| Dataset content |
━━━━

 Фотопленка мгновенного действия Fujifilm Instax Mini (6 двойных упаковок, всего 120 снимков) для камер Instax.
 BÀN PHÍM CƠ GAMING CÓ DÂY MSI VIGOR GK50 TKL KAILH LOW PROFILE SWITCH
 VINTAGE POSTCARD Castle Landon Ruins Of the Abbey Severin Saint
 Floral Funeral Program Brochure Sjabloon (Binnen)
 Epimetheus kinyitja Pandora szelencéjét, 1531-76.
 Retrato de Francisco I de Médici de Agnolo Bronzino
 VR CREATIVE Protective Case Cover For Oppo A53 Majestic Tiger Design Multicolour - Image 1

━━━━

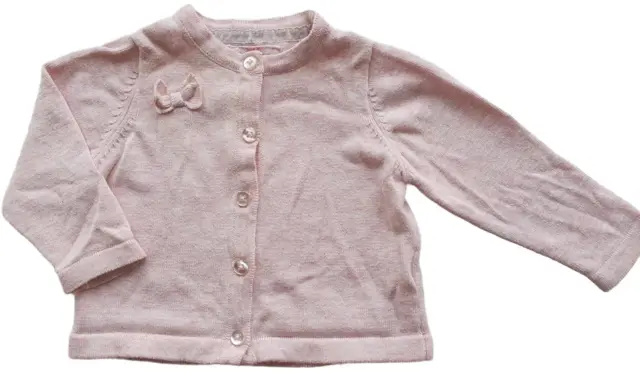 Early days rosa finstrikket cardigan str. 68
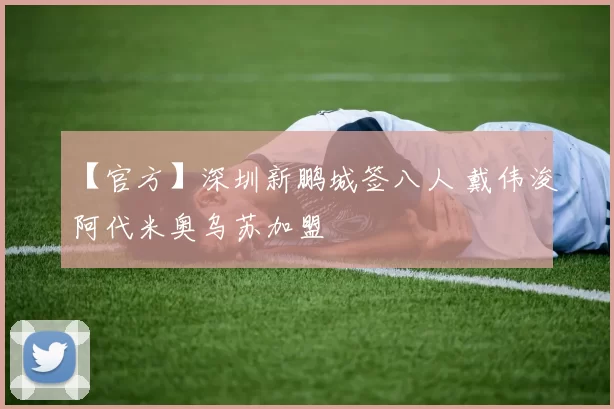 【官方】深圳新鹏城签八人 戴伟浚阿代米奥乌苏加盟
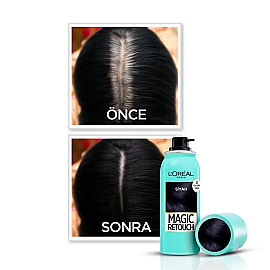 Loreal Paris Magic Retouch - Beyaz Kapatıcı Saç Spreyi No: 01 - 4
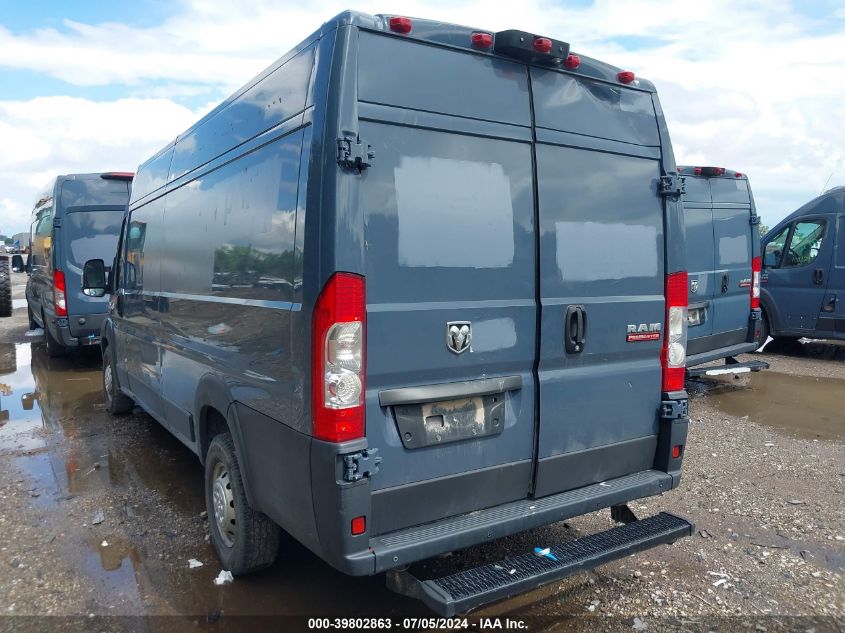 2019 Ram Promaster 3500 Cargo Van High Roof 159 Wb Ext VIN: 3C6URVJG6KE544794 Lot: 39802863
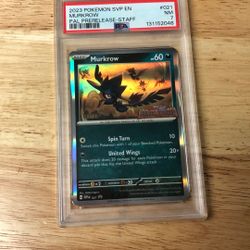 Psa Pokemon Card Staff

━━━━

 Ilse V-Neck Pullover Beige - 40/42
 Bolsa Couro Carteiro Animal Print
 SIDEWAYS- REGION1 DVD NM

━━━━

| Activity |
Give back exactly the lines of the listing above from the one that contains "Early days rosa finstrikket cardigan str. 68" up to and including the one that contains "Psa Pokemon Card Staff", but not the pictures, and no other lines.

| Exercise output |
 Early days rosa finstrikket cardigan str. 68
 【官方】深圳新鹏城签八人 戴伟浚阿代米奥乌苏加盟
 Loreal Paris Magic Retouch - Beyaz Kapatıcı Saç Spreyi No: 01 - 4
 2019 Ram Promaster 3500 Cargo Van High Roof 159 Wb Ext VIN: 3C6URVJG6KE544794 Lot: 39802863
 Psa Pokemon Card Staff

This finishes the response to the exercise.